In the entries below, the lines from the one with "Detailed metallic clock" through the one with "Photo wallpaper girl, gold, pastel" are to be copied exactly; both ends count.

- _Supplied entries_
·····
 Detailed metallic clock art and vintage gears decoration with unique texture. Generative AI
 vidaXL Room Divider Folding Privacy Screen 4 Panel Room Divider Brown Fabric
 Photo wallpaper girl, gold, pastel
·····
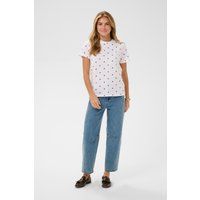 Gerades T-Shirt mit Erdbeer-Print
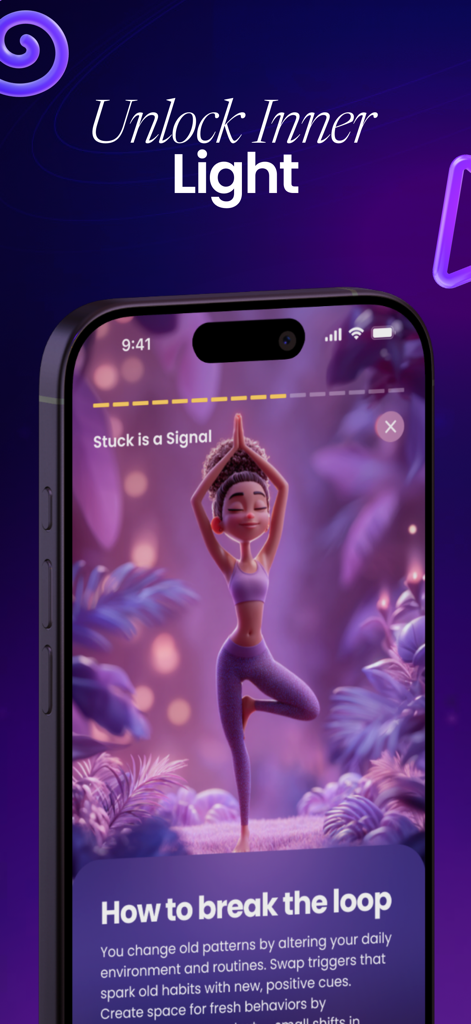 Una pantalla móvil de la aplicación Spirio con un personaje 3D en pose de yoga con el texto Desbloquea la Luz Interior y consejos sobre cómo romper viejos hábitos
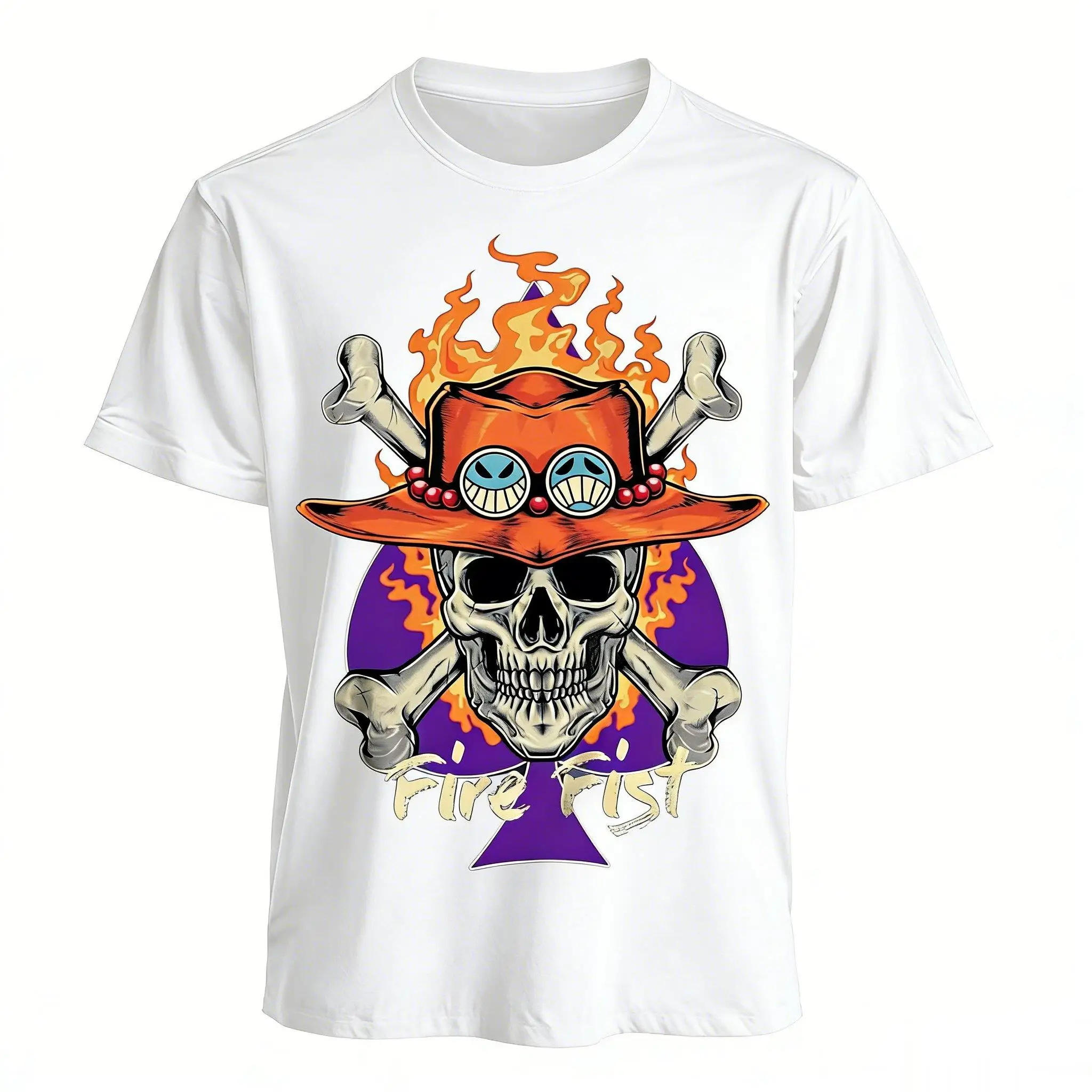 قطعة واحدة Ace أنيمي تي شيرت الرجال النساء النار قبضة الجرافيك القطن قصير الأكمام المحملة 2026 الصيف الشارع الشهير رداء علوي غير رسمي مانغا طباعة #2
·····
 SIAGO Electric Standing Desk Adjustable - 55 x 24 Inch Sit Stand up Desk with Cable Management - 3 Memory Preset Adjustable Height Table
·····
- _Reply_
 Detailed metallic clock art and vintage gears decoration with unique texture. Generative AI
 vidaXL Room Divider Folding Privacy Screen 4 Panel Room Divider Brown Fabric
 Photo wallpaper girl, gold, pastel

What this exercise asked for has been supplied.